Sustainability team builds expertise in modern slavery and labour standards.
CCLA Investment Management, a UK charity investment manager, made two new hires this week to bolster its sustainability team and extend its activities to drive change.
In her new role as consultant – modern slavery, Dame Sara Thornton brings her experience and expertise to CCLA’s Find it, Fix it, Prevent it initiative to tackle modern slavery in investee companies’ supply chains, the firm said in a statement.
Following on from a career with the police, Dame Sara Thornton served a three-year term until April this year as the UK independent anti-slavery commissioner, the firm continued. She is also a professor of practice in modern slavery policy at Nottingham University Rights Lab, where she focuses on research in the area of prevention, business responses, supply chains, and the role of the financial sector in tackling modern slavery.

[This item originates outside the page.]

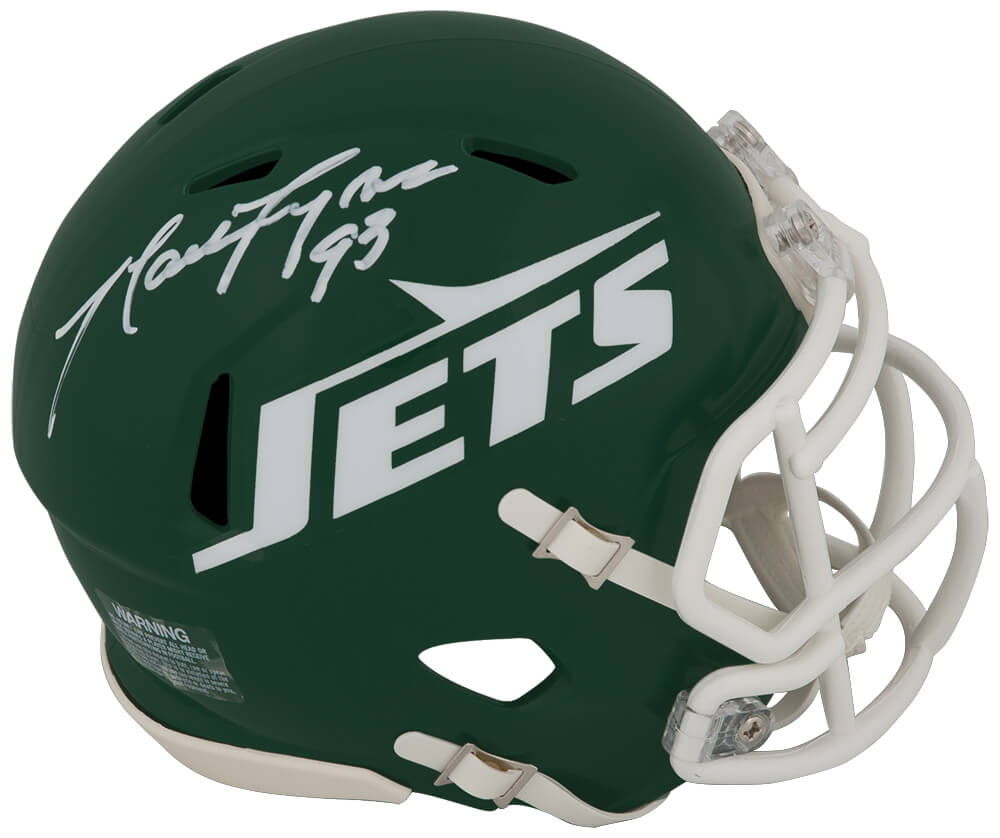 Marty Lyons Signed New York Jets Green Throwback Riddell Speed Mini Helmet - LYOMIN300 - Marty Lyons Signed New York Jets Green Throwback Riddell Speed Mini Helmet product image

Dame Sara Thornton, said: “As anti-slavery commissioner, I observed the launch of CCLA’s Find it, Fix it, Prevent it initiative, and was both impressed with CCLA’s ambition and indeed with what the coalition of investors has been able to achieve thus far. As we all know there is a long way to go, but the Find it, Fix it, Prevent it programme continues to gather momentum including spurring a spin-off initiative, Investors Against Slavery and Trafficking Asia Pacific Asia Pacific.”

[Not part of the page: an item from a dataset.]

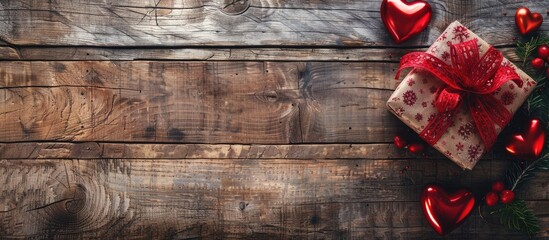 Poster - Valentine's day theme with copy space image on a wooden backdrop.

“Finance is the lever that can move the entire global economy and
investors in particular have a key role to play in eradicating
forced labour across the globe,” she continued.
“If we look at other regions such as the United States and the European Union, they are moving fast on implementing various bans on goods made with forced labour. Investors are by their nature future-facing and must play an important role in urging companies to tackle the scourge of modern slavery,” she said.

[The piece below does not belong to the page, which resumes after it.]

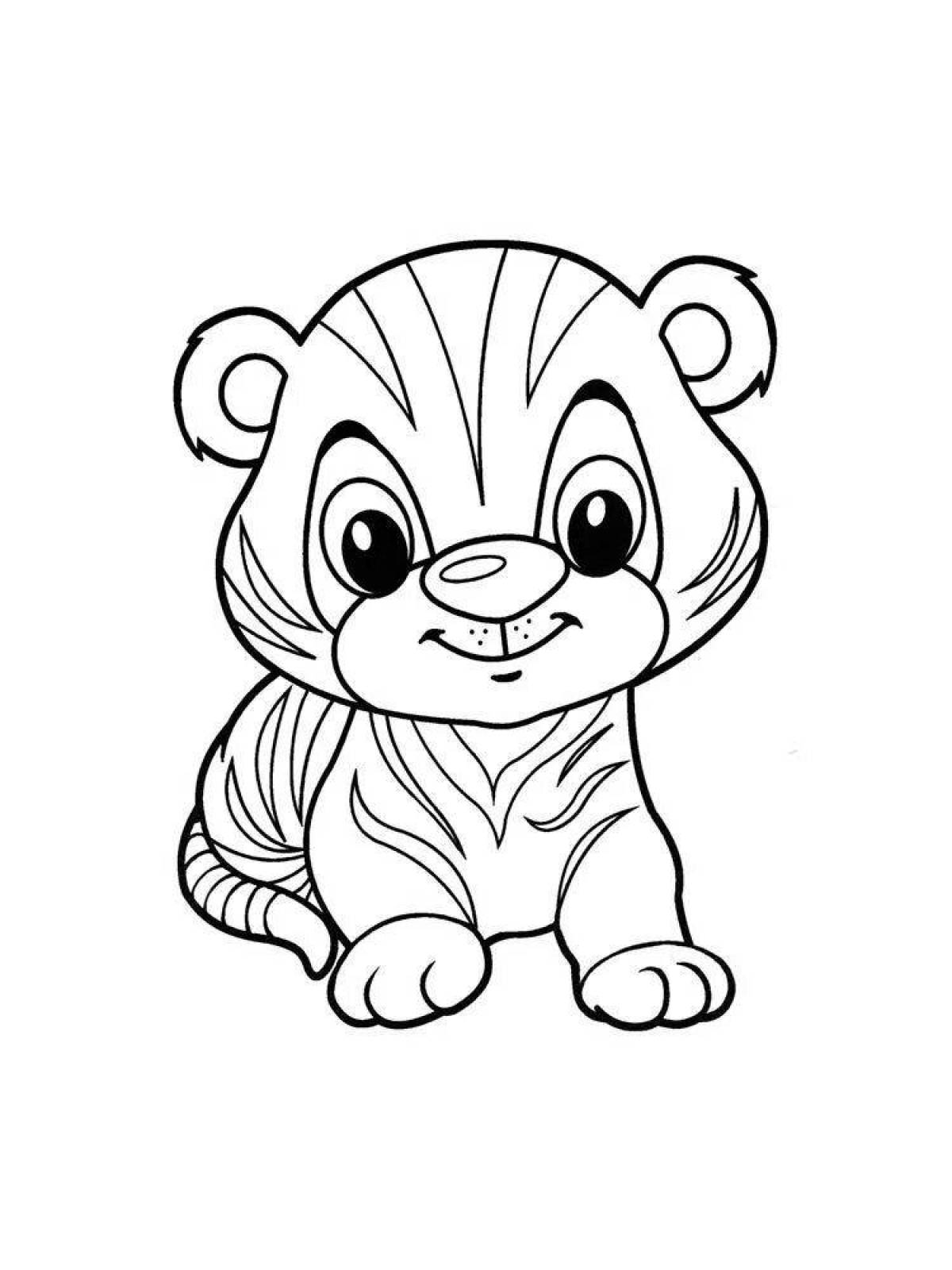 Living tiger coloring page for kids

Also joining CCLA is Dr Martin Buttle who is tasked with leading CCLA’s ‘Better Work’ stream focused on ensuring fair and sustainable working conditions for companies’ labour forces in order to align them with the UN Guiding Principles on Business and Human Rights.
Joining from responsible investment charity, ShareAction, where
he was head of good work, he has a specialist background and
extensive expertise in business, human rights and labour
standards, the firm said.
Peter Hugh Smith, CCLA chief executive, added: “We really want to see other investors join us as signatories on Find it, Fix it, Prevent it to fight modern slavery and to get behind our other Better Work initiatives. At CCLA, we believe that healthy markets are underpinned by healthy communities and we call on the investment industry to collaborate to drive real-world change for everyone’s benefit.”
CCLA currently manages investments for charities, religious organisations and the public sector. Founded in 1958, it aims to deliver long-term returns and is independently owned by its clients with £13.1 billion ($15.21 billion) of assets under management as at 30 September 2022.